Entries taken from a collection

:::

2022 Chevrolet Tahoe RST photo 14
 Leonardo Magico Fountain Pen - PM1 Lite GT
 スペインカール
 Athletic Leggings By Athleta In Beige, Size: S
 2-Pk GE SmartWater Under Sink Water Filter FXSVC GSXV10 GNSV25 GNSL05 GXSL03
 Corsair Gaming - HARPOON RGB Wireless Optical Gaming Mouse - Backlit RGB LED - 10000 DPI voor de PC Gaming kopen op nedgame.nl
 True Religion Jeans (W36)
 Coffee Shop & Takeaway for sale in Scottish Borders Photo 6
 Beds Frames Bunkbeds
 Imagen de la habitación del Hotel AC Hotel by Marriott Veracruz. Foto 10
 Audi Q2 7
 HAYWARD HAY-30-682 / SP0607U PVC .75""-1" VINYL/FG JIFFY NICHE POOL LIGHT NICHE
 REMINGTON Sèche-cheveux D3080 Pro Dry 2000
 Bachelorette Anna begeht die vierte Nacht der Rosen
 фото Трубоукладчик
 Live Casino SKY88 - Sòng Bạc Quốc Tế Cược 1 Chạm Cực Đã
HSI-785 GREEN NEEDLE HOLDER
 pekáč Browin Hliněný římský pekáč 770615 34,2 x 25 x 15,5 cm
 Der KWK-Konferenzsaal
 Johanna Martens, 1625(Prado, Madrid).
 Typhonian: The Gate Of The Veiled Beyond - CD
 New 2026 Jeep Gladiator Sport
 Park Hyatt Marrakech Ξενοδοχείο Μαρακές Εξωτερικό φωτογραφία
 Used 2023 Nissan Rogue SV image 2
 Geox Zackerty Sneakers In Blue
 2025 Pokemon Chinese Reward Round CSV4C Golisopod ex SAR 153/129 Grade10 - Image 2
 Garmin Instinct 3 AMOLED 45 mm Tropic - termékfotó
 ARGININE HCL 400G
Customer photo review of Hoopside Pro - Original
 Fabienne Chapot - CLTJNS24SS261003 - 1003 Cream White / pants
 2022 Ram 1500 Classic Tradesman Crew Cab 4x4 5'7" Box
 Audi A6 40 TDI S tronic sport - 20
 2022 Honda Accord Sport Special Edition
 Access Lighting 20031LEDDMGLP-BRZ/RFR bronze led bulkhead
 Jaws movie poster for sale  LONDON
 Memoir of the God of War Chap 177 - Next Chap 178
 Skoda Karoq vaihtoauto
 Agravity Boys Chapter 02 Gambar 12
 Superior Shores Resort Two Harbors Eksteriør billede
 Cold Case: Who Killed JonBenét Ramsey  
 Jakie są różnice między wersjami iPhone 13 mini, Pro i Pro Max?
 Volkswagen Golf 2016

:::

Produce a verbatim copy of the lines from the one holding "REMINGTON Sèche-cheveux D3080 Pro Dry 2000" to the final line of the data, and nothing more.

 REMINGTON Sèche-cheveux D3080 Pro Dry 2000
 Bachelorette Anna begeht die vierte Nacht der Rosen
 фото Трубоукладчик
 Live Casino SKY88 - Sòng Bạc Quốc Tế Cược 1 Chạm Cực Đã
HSI-785 GREEN NEEDLE HOLDER
 pekáč Browin Hliněný římský pekáč 770615 34,2 x 25 x 15,5 cm
 Der KWK-Konferenzsaal
 Johanna Martens, 1625(Prado, Madrid).
 Typhonian: The Gate Of The Veiled Beyond - CD
 New 2026 Jeep Gladiator Sport
 Park Hyatt Marrakech Ξενοδοχείο Μαρακές Εξωτερικό φωτογραφία
 Used 2023 Nissan Rogue SV image 2
 Geox Zackerty Sneakers In Blue
 2025 Pokemon Chinese Reward Round CSV4C Golisopod ex SAR 153/129 Grade10 - Image 2
 Garmin Instinct 3 AMOLED 45 mm Tropic - termékfotó
 ARGININE HCL 400G
Customer photo review of Hoopside Pro - Original
 Fabienne Chapot - CLTJNS24SS261003 - 1003 Cream White / pants
 2022 Ram 1500 Classic Tradesman Crew Cab 4x4 5'7" Box
 Audi A6 40 TDI S tronic sport - 20
 2022 Honda Accord Sport Special Edition
 Access Lighting 20031LEDDMGLP-BRZ/RFR bronze led bulkhead
 Jaws movie poster for sale  LONDON
 Memoir of the God of War Chap 177 - Next Chap 178
 Skoda Karoq vaihtoauto
 Agravity Boys Chapter 02 Gambar 12
 Superior Shores Resort Two Harbors Eksteriør billede
 Cold Case: Who Killed JonBenét Ramsey  
 Jakie są różnice między wersjami iPhone 13 mini, Pro i Pro Max?
 Volkswagen Golf 2016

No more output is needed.